第297話 マッサージ再び。

 切り取られた土地から出て七日目の夜中。


 日中の暑さが嘘のように砂漠では寒い風……砂嵐が吹き荒れている。


 その中をアレン達はルルマ、アレン、カトレアの順で並んで進んでいた。


 ラクダの背で横になっているアレンがブルリと震える。


「この砂嵐は厄介だなぁ」


「ですね。寒いのだけなら余裕なのですが……」


 アレンの後ろでラクダに乗っていたカトレアが頷き答えた。


「砂の勢いがすごいなぁ……ちょっと前にあった竜巻に比べたら弱いが」


「あぁ、確かにアレはヤバかったですね」


「この砂漠ってところは本当に面倒な地形だな」


「はい。私も、もううんざりしていますよ」


「だなぁ。っぺっぺ……口の中に砂が入ったわ」


 アレンとカトレアとが何気ない会話をしていると、アレンの前を進んでいたルルマがラクダの歩速を緩めてアレンの隣へと並びつける。


「アレン」


「なんだ? ぺっ……砂が口に」


「シカイガナイ……スナアラシガヨワマルマデヤスンダホウガイイ」


「……わかった。地下休憩所を作るからルルマとカトレアは離れていろ」


 アレンはそういうとラクダから飛び降りて、ラクダの手綱をルルマに預ける。


 それから、帯刀していた赤を引き抜いて、地下休憩所の制作に取り掛かるのだった。






 三十分ほどでアレンが作成した地下休憩所にアレン達は三頭のラクダと一緒に降りていく。


「ふぁー」


 アレンは地下休憩所の壁にもたれるように座って、大きな欠伸をしていた。


「ホントウニ……シンジラレナイ」


 ルルマは何度目も見ているにも関わらず、信じられないといった表情で地下休憩所の壁に触れていた。


「よく頑張ってくれましたねぇ」


 カトレアはなぜかすごく懐いているラクダ達の頭を撫でていた。


 三者三様に休憩時間を過ごしていると、アレンが何か思い出したように口を開く。


「そうだ。ルルマ、マッサージするか?」


「ン? ナニ? マッサージッテ?」


「うむ……体の中に流れるマナの流れを正しく流すためのマッサージだよ」


「マナノナガレ?」


「そうそう、マナっていうのは魔法を使う時に必要なエネルギーのことなんだ」


「マホウッテ、アレンガ……スナヲカベニスルノニツカッテイル?」


「そうそう、アレは土属性の魔法なんだが」


「ソノマッサージヲウケタラ、マホウツカエル?」


「さて、どうだろうな。それはお前の資質次第だろうな」


「ソウ……ヤル。ワタシ、ドウシタライイ?」


「まずは仰向けで寝てくれ」


 アレンの指示でルルマが仰向けで横になる。


 アレンはルルマに近づくと腕まくりをしてマッサージを始めようとしたところで、割り込むようにカトレアが声を上げる。


「ちょっと待ってくださいぃ!」


「な、なんだよ。いきなり」


 アレンは驚いた様子でカトレアへと視線を向ける。


 先ほどまでラクダの世話をしていたカトレアであったが、いつの間にかアレンの近くにまでやってきて話を聞いていたようだった。
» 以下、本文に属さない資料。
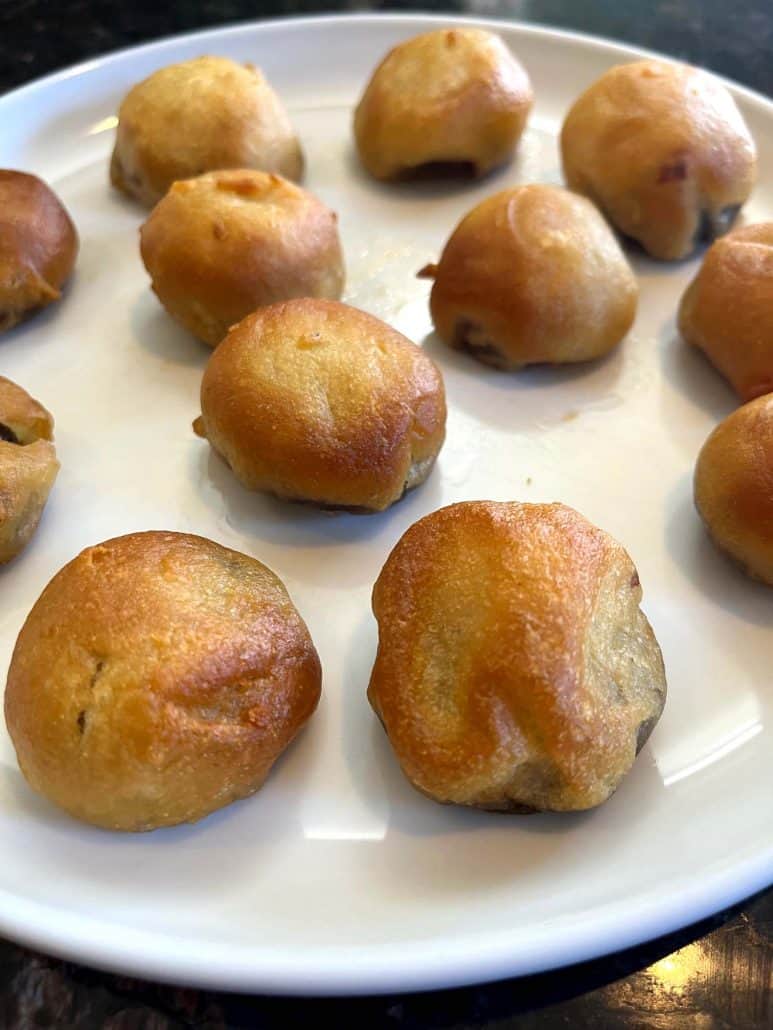 Golden brown air-fried dough balls on a white plate, showcasing their crispy texture and slightly uneven browning.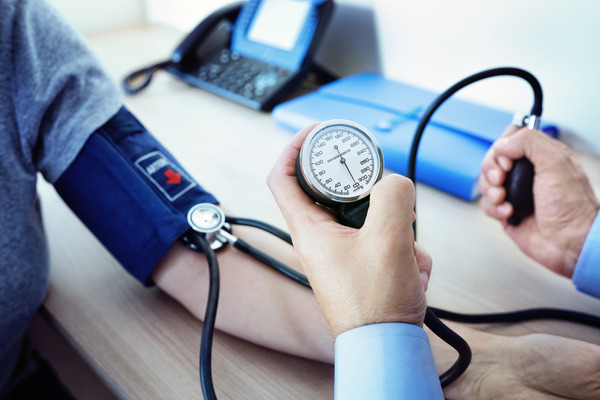 Doctor measuring blood pressure of patient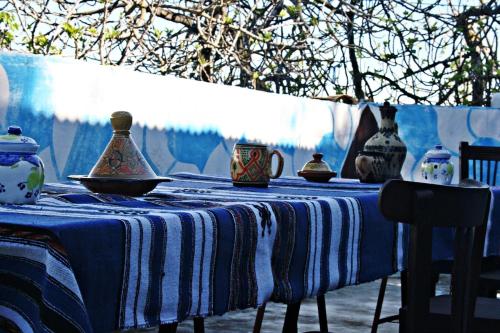 a blue and white table with vases on it at Dar Nefzi in Ouazzane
「今、話していたマッサージって……なんですか? そ、そのマッサージをすると魔法が使えるようになるかもしれないのですか?」


「え、まぁ資質によるがな。一応魔法が使えるようになるぞ」


「そんなことが……本当に? すごい。しかし、それって軍事バランスが崩壊させることできるような……いや、今聞きたいのは別で……そのマッサージって私がやったやつとは別のやつなんですよね?」


「ん?」


「私にちょっと前まで疲れが取れるマッサージだってやってくれていたじゃないですか?」


「……んんん? あぁ、別のやつに決まっているじゃないか(棒読み)」


「はぁーそうですよね。私、言っていましたからね。私が魔法を使えるようになると政略結婚させられるから……魔法は使えない方がいいって」


「うむ、そうだな。確かに言っていたっとルルマのマッサージをしようかなぁー」


「あ、すみません。邪魔してしまって」


「いや、大丈夫。カトレア……頑張れよ。俺は応援しているからな」


「え、なんで今応援されたんですか?」


「いや、なんとなくだよ。深い意味はこれっぽっちもない。あ……ちなみに……ちなみに大人になって突然魔法が使えるようになった例が稀に……すごく稀にあるんだ。だから、もしかしたら、カトレアは魔法が使えるようになっているかもしれないから調べてみようか? な?」


「な? って……まさか? まさか? そんな、私にやったマッサージって実は?」


 カトレアがアレンに詰め寄り、ガシッと肩を掴んで問いかけた。すると、アレンはフイッと視線を下げてカトレアの問いにとぼけたように答える。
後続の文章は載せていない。